MUTUAL life and pensions group Royal London said it expects “more of the same” for the remainder of the year and 2016 after posting results it described as a new record for the 154-year-old business.
The firm, which has 1,142 of its total 2,958 employees in Scotland, said its new life and pensions business grew by 35 per cent in the nine months to 30 September, reaching £4.86 billion.
It said this reflects “excellent” sales in pensions, due to pension freedoms and auto enrolment, and in protection products.
Group pensions increased by 11 per cent to £1.92bn, individual pensions by 52 per cent to £1.44bn and drawdown by 67 per cent to £966 million.
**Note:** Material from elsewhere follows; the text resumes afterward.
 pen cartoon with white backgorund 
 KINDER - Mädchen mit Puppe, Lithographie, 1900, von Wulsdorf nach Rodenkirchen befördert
Sales to individuals jumped by 330 per cent to £116m, “reflecting strong growth in the direct to consumer and funeral plan business lines”.
Total group funds under management reached £83.1bn at 30 September, a year-on-year increase of 1 per cent.
Chief executive Phil Loney said: “This is another strong set of results with all life and pensions businesses putting in excellent new business performance.”
He said the firm was very pleased with its performance, having improved all of its main products. It is now extending its auto-enrolment cover to small businesses, including those with one or two employees, having focused on those with 50 to 500.
Loney also reiterated the firm’s opposition to proposed ISA-style taxation of pension income. “The public will not trust future cash-strapped governments to honour any current promise of a tax-free-ISA-style income in retirement,” he said.